Problem description
The expected answer is all of the entries, written out exactly.

──────── Material provided ────────

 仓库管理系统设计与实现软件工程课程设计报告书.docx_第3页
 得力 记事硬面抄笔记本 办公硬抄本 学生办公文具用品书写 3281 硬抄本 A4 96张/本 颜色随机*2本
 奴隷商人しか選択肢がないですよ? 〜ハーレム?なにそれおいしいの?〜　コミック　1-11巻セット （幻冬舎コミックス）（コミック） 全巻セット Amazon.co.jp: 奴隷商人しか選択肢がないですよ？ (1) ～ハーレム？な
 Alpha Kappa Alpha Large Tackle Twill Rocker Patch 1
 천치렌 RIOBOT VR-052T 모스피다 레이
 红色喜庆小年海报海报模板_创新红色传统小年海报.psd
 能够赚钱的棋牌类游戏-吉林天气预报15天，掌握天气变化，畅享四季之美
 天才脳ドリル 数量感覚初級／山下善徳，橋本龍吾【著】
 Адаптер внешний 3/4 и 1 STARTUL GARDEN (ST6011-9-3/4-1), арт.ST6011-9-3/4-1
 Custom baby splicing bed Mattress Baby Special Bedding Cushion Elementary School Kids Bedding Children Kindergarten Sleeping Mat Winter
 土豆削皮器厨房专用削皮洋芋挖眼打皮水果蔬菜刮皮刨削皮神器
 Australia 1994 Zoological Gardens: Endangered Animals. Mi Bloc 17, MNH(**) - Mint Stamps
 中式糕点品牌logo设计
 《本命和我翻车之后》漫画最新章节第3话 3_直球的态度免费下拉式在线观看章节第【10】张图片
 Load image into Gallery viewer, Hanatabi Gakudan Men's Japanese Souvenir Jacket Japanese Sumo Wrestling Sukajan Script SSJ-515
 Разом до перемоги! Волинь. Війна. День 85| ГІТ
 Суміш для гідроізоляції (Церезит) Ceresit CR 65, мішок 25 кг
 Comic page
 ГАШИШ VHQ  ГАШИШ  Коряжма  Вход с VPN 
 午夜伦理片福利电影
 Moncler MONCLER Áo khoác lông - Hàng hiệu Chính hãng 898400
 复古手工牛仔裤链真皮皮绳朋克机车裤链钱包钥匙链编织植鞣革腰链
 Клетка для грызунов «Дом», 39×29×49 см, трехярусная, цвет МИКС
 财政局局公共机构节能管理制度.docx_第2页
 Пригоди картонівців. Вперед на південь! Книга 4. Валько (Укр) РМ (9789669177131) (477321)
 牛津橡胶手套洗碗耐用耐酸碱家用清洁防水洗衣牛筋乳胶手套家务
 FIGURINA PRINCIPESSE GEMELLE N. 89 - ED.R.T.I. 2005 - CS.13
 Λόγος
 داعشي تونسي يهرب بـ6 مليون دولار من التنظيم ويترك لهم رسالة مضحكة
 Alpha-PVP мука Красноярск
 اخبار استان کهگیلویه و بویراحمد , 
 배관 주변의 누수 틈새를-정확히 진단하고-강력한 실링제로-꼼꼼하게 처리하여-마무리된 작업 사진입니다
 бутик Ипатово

────────

Response to this exercise
 仓库管理系统设计与实现软件工程课程设计报告书.docx_第3页
 得力 记事硬面抄笔记本 办公硬抄本 学生办公文具用品书写 3281 硬抄本 A4 96张/本 颜色随机*2本
 奴隷商人しか選択肢がないですよ? 〜ハーレム?なにそれおいしいの?〜　コミック　1-11巻セット （幻冬舎コミックス）（コミック） 全巻セット Amazon.co.jp: 奴隷商人しか選択肢がないですよ？ (1) ～ハーレム？な
 Alpha Kappa Alpha Large Tackle Twill Rocker Patch 1
 천치렌 RIOBOT VR-052T 모스피다 레이
 红色喜庆小年海报海报模板_创新红色传统小年海报.psd
 能够赚钱的棋牌类游戏-吉林天气预报15天，掌握天气变化，畅享四季之美
 天才脳ドリル 数量感覚初級／山下善徳，橋本龍吾【著】
 Адаптер внешний 3/4 и 1 STARTUL GARDEN (ST6011-9-3/4-1), арт.ST6011-9-3/4-1
 Custom baby splicing bed Mattress Baby Special Bedding Cushion Elementary School Kids Bedding Children Kindergarten Sleeping Mat Winter
 土豆削皮器厨房专用削皮洋芋挖眼打皮水果蔬菜刮皮刨削皮神器
 Australia 1994 Zoological Gardens: Endangered Animals. Mi Bloc 17, MNH(**) - Mint Stamps
 中式糕点品牌logo设计
 《本命和我翻车之后》漫画最新章节第3话 3_直球的态度免费下拉式在线观看章节第【10】张图片
 Load image into Gallery viewer, Hanatabi Gakudan Men's Japanese Souvenir Jacket Japanese Sumo Wrestling Sukajan Script SSJ-515
 Разом до перемоги! Волинь. Війна. День 85| ГІТ
 Суміш для гідроізоляції (Церезит) Ceresit CR 65, мішок 25 кг
 Comic page
 ГАШИШ VHQ  ГАШИШ  Коряжма  Вход с VPN 
 午夜伦理片福利电影
 Moncler MONCLER Áo khoác lông - Hàng hiệu Chính hãng 898400
 复古手工牛仔裤链真皮皮绳朋克机车裤链钱包钥匙链编织植鞣革腰链
 Клетка для грызунов «Дом», 39×29×49 см, трехярусная, цвет МИКС
 财政局局公共机构节能管理制度.docx_第2页
 Пригоди картонівців. Вперед на південь! Книга 4. Валько (Укр) РМ (9789669177131) (477321)
 牛津橡胶手套洗碗耐用耐酸碱家用清洁防水洗衣牛筋乳胶手套家务
 FIGURINA PRINCIPESSE GEMELLE N. 89 - ED.R.T.I. 2005 - CS.13
 Λόγος
 داعشي تونسي يهرب بـ6 مليون دولار من التنظيم ويترك لهم رسالة مضحكة
 Alpha-PVP мука Красноярск
 اخبار استان کهگیلویه و بویراحمد , 
 배관 주변의 누수 틈새를-정확히 진단하고-강력한 실링제로-꼼꼼하게 처리하여-마무리된 작업 사진입니다
 бутик Ипатово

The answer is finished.